Le principe de quérabilité des aides est respecté, puisqu'il faut faire une demande originelle pour déclencher l'examen de l'éligibilité à d'autres prestations. On observera au demeurant que l'automaticité gagne du terrain : toute demande de RSA, par exemple, vaut demande de prime d'activité ; tout bénéficiaire du RSA a automatiquement accès à la complémentaire santé solidaire (C2S) en cochant une simple case ; et un formulaire unique permet depuis 2019 à toute maison départementale des personnes handicapées (MDPH) de proposer au demandeur d'une AAH, par exemple, la PCH et la CMI qu'il n'aurait pas pensé à solliciter.
D'aucuns feront sans doute valoir que de telles obligations d'instruction de nouveaux dossiers alourdiront les charges de gestion des organismes délivrant les prestations. D'une part, c'est difficile à évaluer. Les personnes elles-mêmes se trompent souvent de guichet : ce serait alors une simplification globale que de confier aux organismes la mission de taper à la bonne porte. Il se pourrait même que la diminution du non-recours par ce biais évite des situations de ruptures de droits en cascade et fasse faire des économies globales au système social.
Certaines dispositions du texte prévoient d'ailleurs les souplesses nécessaires, en évitant les requêtes sans objet et en permettant, à la suite d'un premier refus, l'examen de l'éligibilité du demandeur à d'autres droits ou prestations, ou bien la saisine à cette fin de l'autorité compétente. Il prévoit même que le demandeur peut renoncer à tout moment au bénéfice d'une prestation.

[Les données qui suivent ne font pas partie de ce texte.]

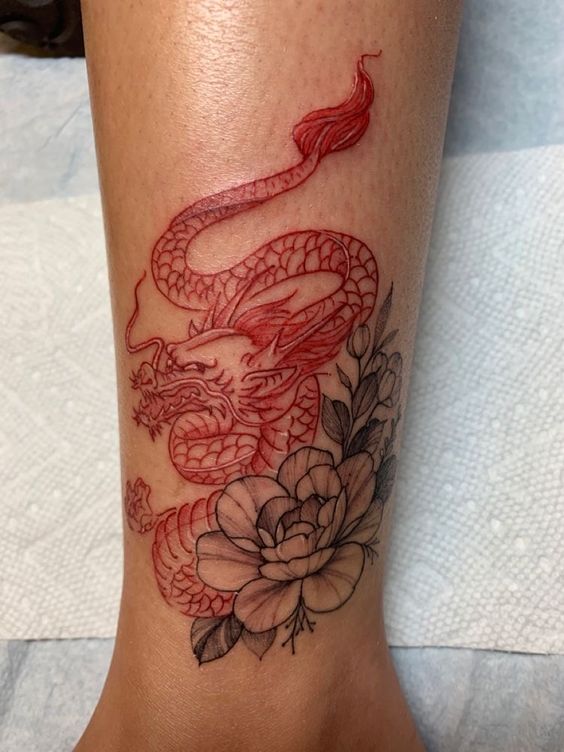 Hình xăm rồng đỏ và hoa trên chân, phong cách blackwork, chi tiết rõ nét, ảnh HD.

D'autre part, quand il serait démontré que le mécanisme proposé alourdit la gestion des prestations, on ne saurait sérieusement invoquer un tel argument pratique pour faire obstacle au respect d'un principe aussi élémentaire que celui d'accorder à chacun ce qui lui revient.
Le mécanisme ici proposé n'est sans doute pas parfait mais il apporte une solution immédiatement opérationnelle, semble-t-il, au problème du non-recours. D'ailleurs, le Sénat l'a voté, sous la forme certes d'un amendement un peu moins sophistiqué, dans le cadre du projet de loi de financement de la sécurité sociale pour 2021, après avis de sagesse du rapporteur général. Hélas, le dispositif n'a pas été maintenu dans la version définitive du texte.
Mes chers collègues, en systématisant l'examen de l'éligibilité aux prestations sociales, cette proposition de loi contribue à remplir la promesse que fait notre société aux plus fragiles. C'est pourquoi je vous propose de l'adopter.